Então pode matar à vontade, torturar, queimar, desmatar, agredir, trucidar, ofender, mentir, falsificar notícias, eleger pulhas para os governos, envenenar os rios, poluir mares, espalhar doenças pelo ar - tudo isso é fazer o bem, pois servirá de apoio à vinda do Messias...
O horror que o leitor sente ao ler esses despropósitos traz de volta a pergunta feita no poema de Peter Handke: "Há mesmo o mal e pessoas essas que são verdadeiramente as más"? Se for para o Messias chegar mais rapidamente, todo mal fica bom ao ser cometido? E vale qualquer besta se dizer "o Messias"?
Nesse caso, é o Bem ofender pessoas, inventar mentiras, semear confusões, arrasar a economia do país, invadir nações, causar guerras e destruição ambiental, negá-la e encher os oceanos de plástico, derreter as geleiras, semear a fome, a crise, o desemprego, as doenças, o caos. Daí os escolhidos (quem tiver grana) irão para o céu (algum planeta ainda limpo).
Vale o escrito ou o militado?
Quem ainda não conhecia as obras de Olga Tokarczuk vai se deliciar com seu ótimo e cuidadoso texto começando por ler Os Vagantes. Já Handke é mais conhecido pelo público pelos anjos cinematográficos de Wenders, que se intrometem na vida terrena ao se deixar contaminar pelas paixões humanas.

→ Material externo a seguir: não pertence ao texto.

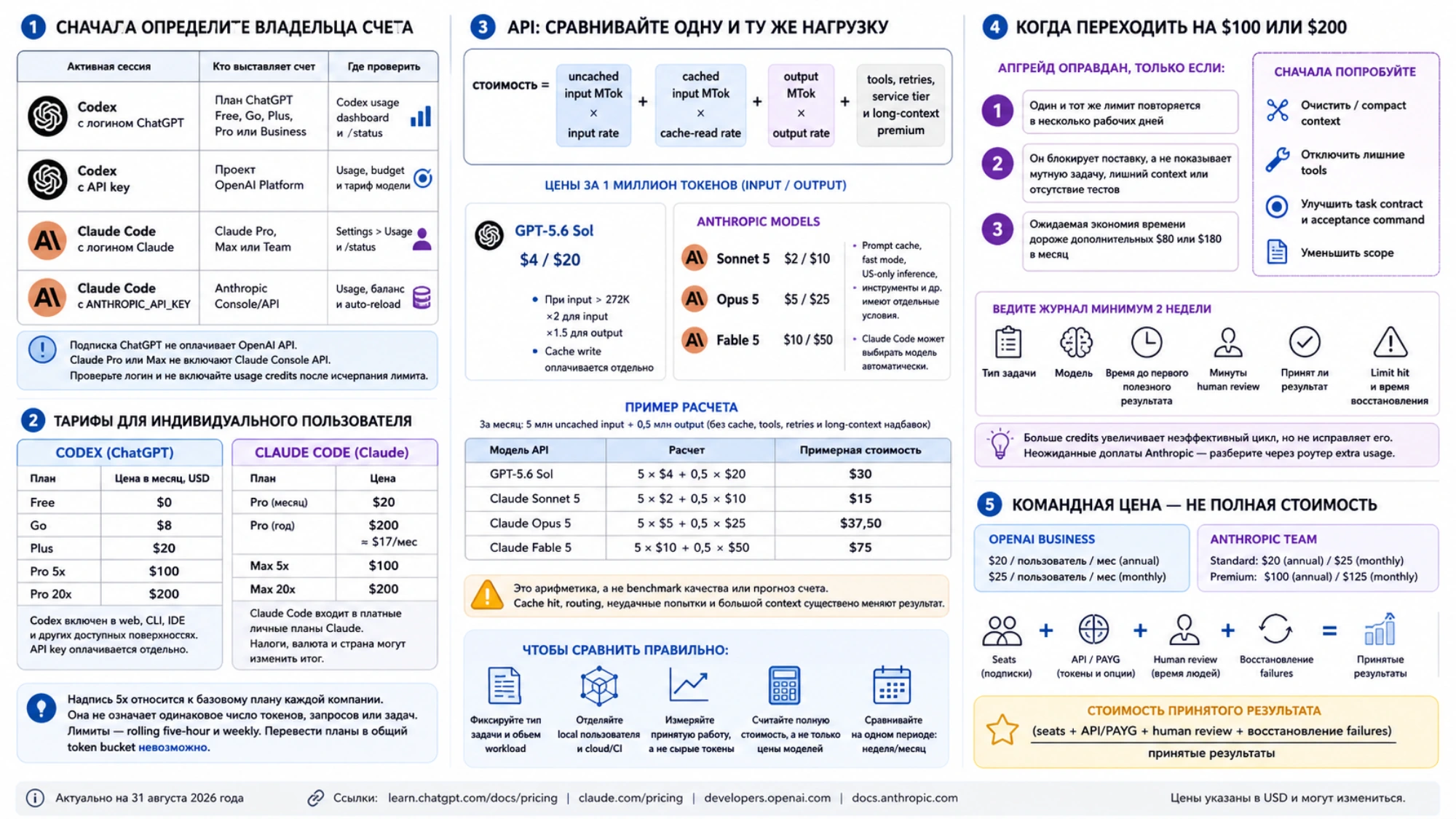 Сравнение расходов Codex и Claude на одинаковом объеме input и output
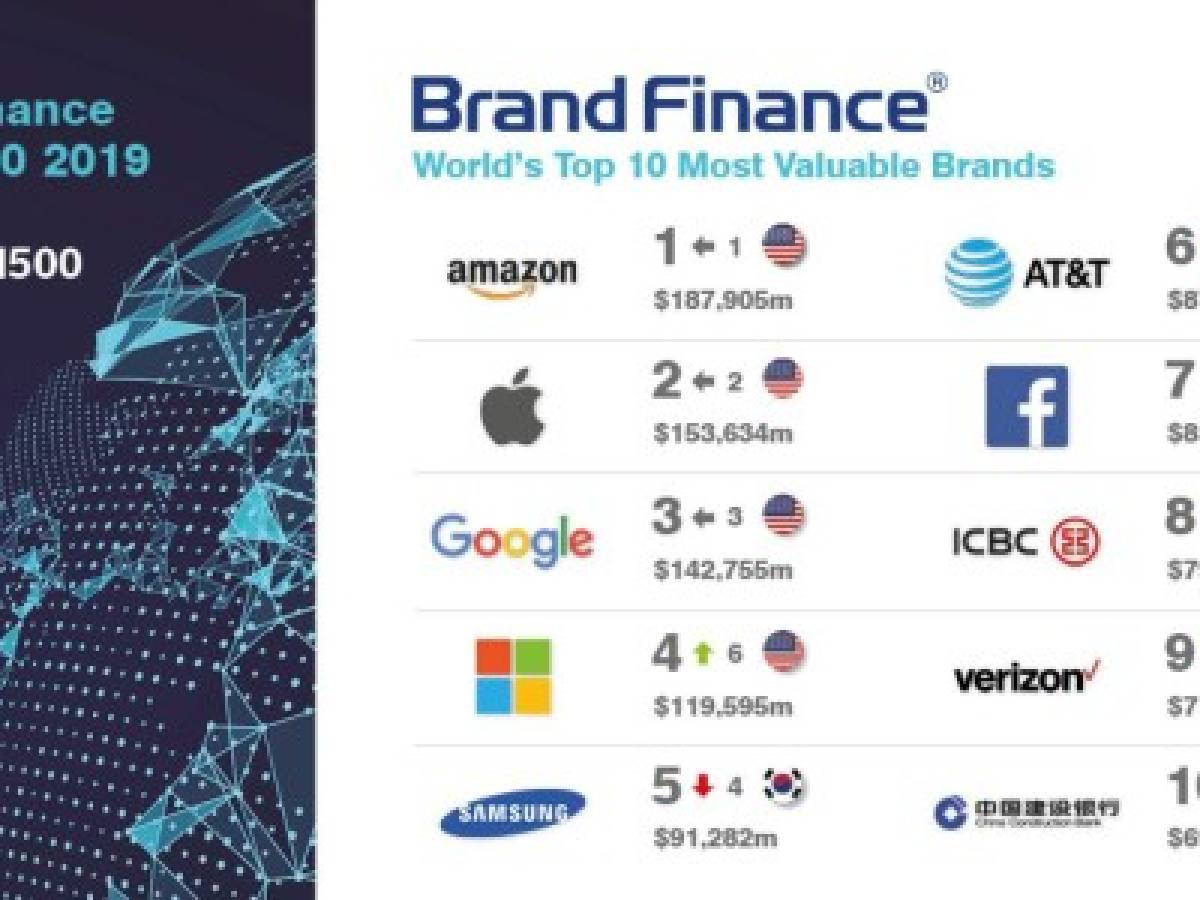 Ferrari es la marca más fuerte del mundo en Brand Finance Global 500 2019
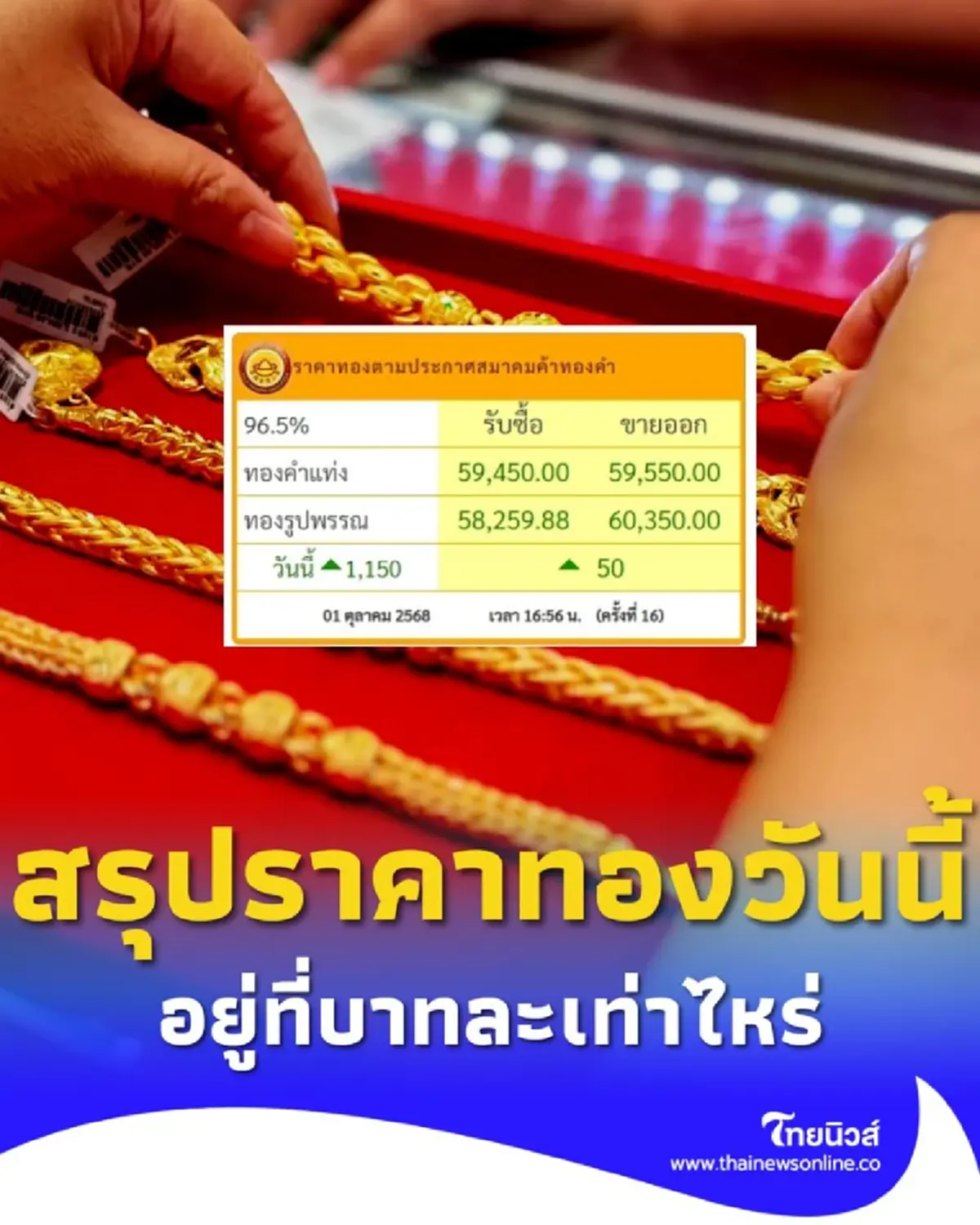 สรุปราคาทองวันนี้ 1 ตุลาคม 2568 ราคาทองวันนี้อยู่ที่บาทละเท่าไหร่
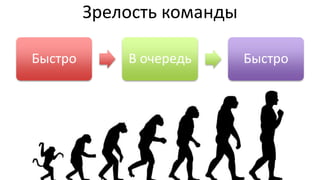 Зрелость команды
Быстро В очередь Быстро
 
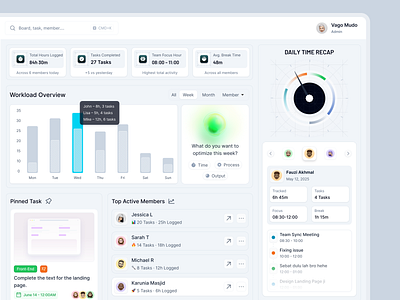 Fuseboard - Dashboard Page ai aiproductivity analyticsui bar chart chart clean clock component daily recap dashboard datavisualization pinned task projectmanagement statistics time tracker timer timetrackingapp workload workload overview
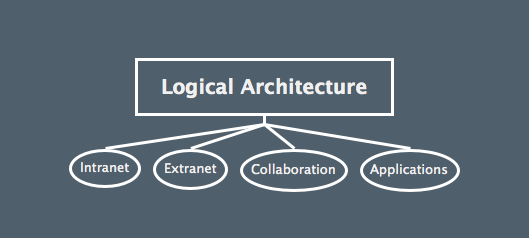 Build a Logical Architecture for a SharePoint Governance Plan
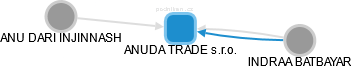 ANUDA TRADE s.r.o. - náhled vizuálního zobrazení vztahů obchodního rejstříku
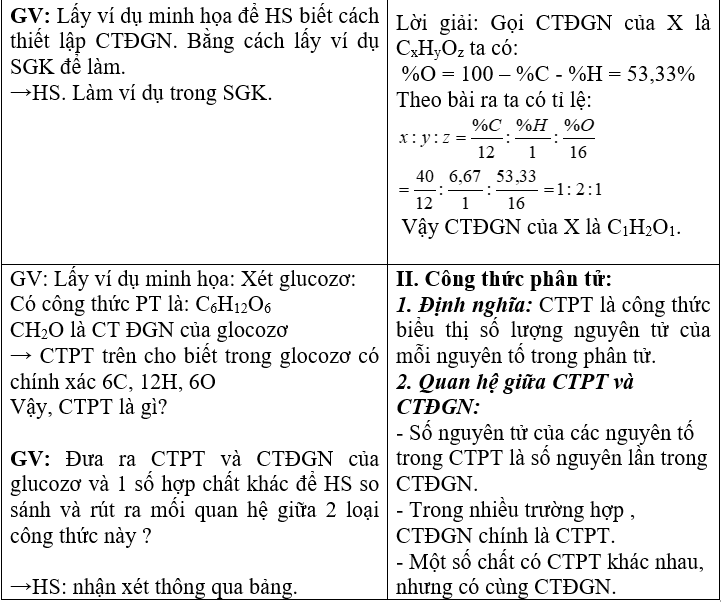 Ảnh đính kèm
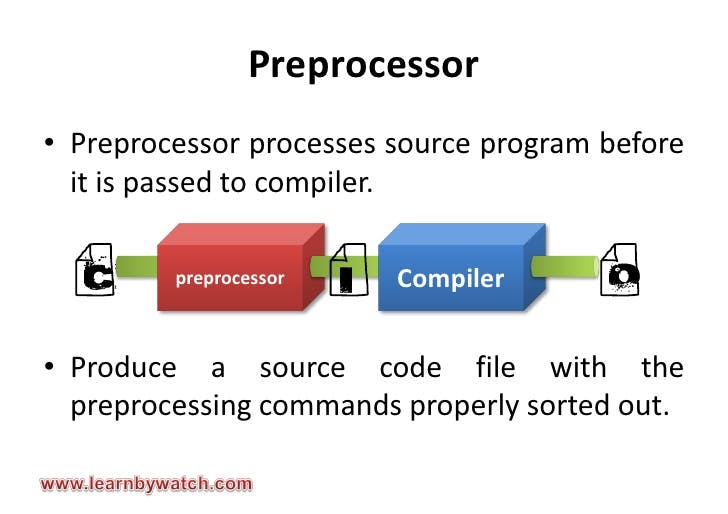 preprocessor-3-728.jpg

Olga é considerada de esquerda, enquanto Handke é tido como de direita. Daí se pode ver a escolha da Academia Sueca para o Prêmio Nobel de Literatura correspondente aos anos de 2018 e 2019 como tentativa de agradar aos dois lados da polarização.
A suavidade de Olga defendendo os refugiados e o questionamento da maldade que colou na obra de Handke, à parte ser também um escritor primoroso (pode-se não gostar do cara, mas não desmerecer seu trabalho), deram uma sacudida no ambiente literário: o escritor/artista vale pelo que milita ou pelo que escreve?
Um Messias fake e anjos improváveis que ocultam um ditador real dão o que pensar. O reino de fantasia em que vivem as bolhas de poder leva o mundo ao caos em meio à obsessão de que só o que eles decidem vai "dar certo", embora tudo que decidiram até agora tenha levado à ameaça de mais uma grande crise mundial.
De qualquer maneira, a literatura, mesmo a fantástica, é a garantia de que nada de enganoso e manipulador ficará sem troco. Que a imprensa, sempre sob o ataque dos dois "polos", tenha a grandeza e a dignidade de fazer o mesmo.